C. As set forth in more detail in the Initial Decision, from March 24, 1994 through July 31, 1994 Gilbert Marshall in 338 transactions, sold Sky common stock to customers of Gilbert Marshall at excessive undisclosed markups. As a result of these excessive markups Gilbert Marshall realized excessive trading profits of $211,947. In making these sales of stock, Gilbert Marshall was not a market maker for purposes of calculating markups because it did not make a two sided market in which it regularly both bought and sold Sky stock in the inter-dealer market. Yet it calculated its markups based on inter-dealer quotes rather than its contemporaneous cost of acquisition.

D. As found in the Initial Decision, and as set forth in paragraphs II. B. and II. C. Usher and Gilbert Marshall willfully violated Section 10(b) of the Exchange Act and Rule 10b-5 thereunder and Sections 5(a), 5(c), and 17(a)(1), (a)(2), and (a)(3) of the Securities Act of 1933.

E. It is appropriate in this matter for Usher and Gilbert Marshall to pay disgorgement and Usher to pay a civil penalty. Respondents have submitted sworn financial statements and other evidence and has asserted their financial inability to pay disgorgement of more than $10,000 or a civil penalty. The Commission has reviewed the sworn financial statements and other evidence provided by Respondents and has determined that Respondents do not have the financial ability to pay disgorgement of more than $10,000 or a civil penalty.

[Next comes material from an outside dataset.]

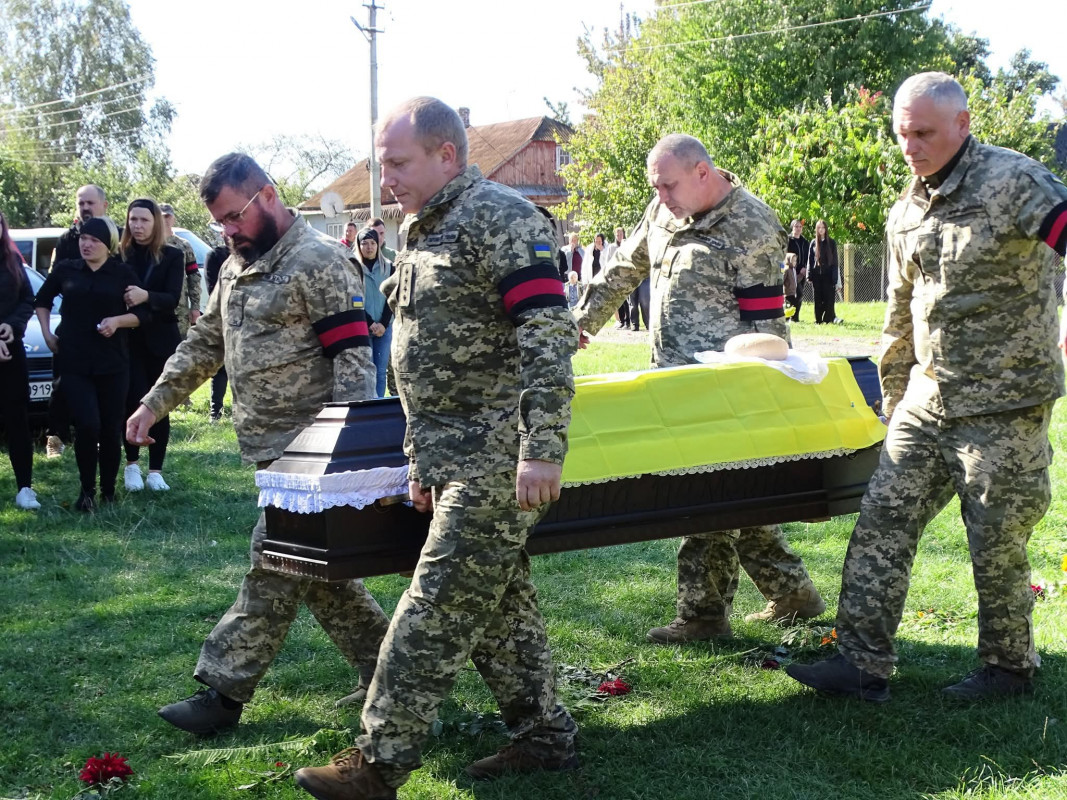 Війна забрала життя Героя: на Волині провели в останню путь Ігоря Бебеса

In view of the foregoing, the Commission finds that it is in the public interest to impose sanctions specified in the Offer of Settlement.

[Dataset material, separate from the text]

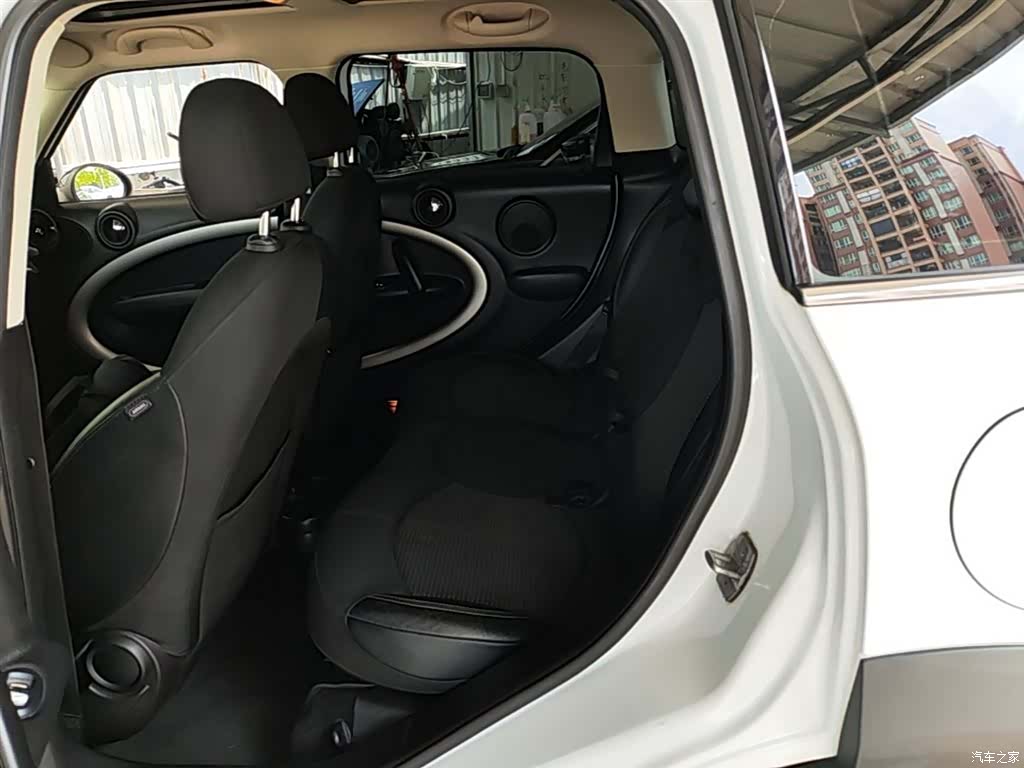 Mini Countryman, 2015 17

Accordingly, IT IS ORDERED that:

A. Usher is barred from association with any broker-dealer.

B. The broker dealer registration of Gilbert Marshall is revoked.

C. Usher and Gilbert Marshall shall cease and desist from committing or causing any violations and future violations of Sections 5(a), 5(c), and 17(a) of the Securities Act and Section 10(b) of the Exchange Act and Rule 10b-5 thereunder.

D. Joint and several disgorgement by Usher and Gilbert Marshall is fixed in the amount of $5,435,183 plus prejudgment interest, but the payment of such amount except for $10,000 shall be waived based upon Respondents' demonstrated financial inability to pay. The Division of Enforcement ("Division") may, at any time following the entry of this Order, petition the Commission to: 1) reopen this matter to consider whether Respondent provided accurate and complete financial information at the time such representations were made, and if not; 2) determine the amount of civil penalty to be imposed; 3) determine the amount of prejudgment interest to order; and 4) seek any additional remedies that the Commission would be authorized to impose in this proceeding if Respondent's offer of settlement had not been accepted. No other issues shall be considered in connection with this petition other than whether the financial information provided by Respondent was fraudulent, misleading, inaccurate or incomplete in any material respect, the amount of civil penalty to be imposed and whether any additional remedies should be imposed. Respondent may not, by way of defense to any such petition, contest the findings in this Order or the Commission's authority to impose any additional remedies that were available in the original proceeding.

E. Respondents shall, no later than October 15, 1999 pay disgorgement in the amount of $10,000 to the United States Treasury. Such payment shall be: (A) made by United States postal money order, certified check, bank cashier's check or bank money order; (B) made payable to the Securities and Exchange Commission; (C) hand delivered or mailed to the Comptroller, Securities and Exchange Commission, Operations Center, 6432 General Green Way, Stop 0-3, Alexandria, Virginia, 22312; and (D) submitted under cover letter that identifies Usher and Gilbert Marshall as respondents in these proceedings, the file number of these proceedings, a copy of which cover letter and money order or check shall be sent to Robert Fusfeld, Securities and Exchange Commission, 1801 California Street, Suite 4800, Denver, Colorado 80202.

By the Commission.

Jonathan G. Katz



The Order for Public Proceeding in this matter was issued on December 16, 1996.

The findings herein are made pursuant to Respondents' Offer of Settlement and are not binding on any other person or entity in this or any other proceeding.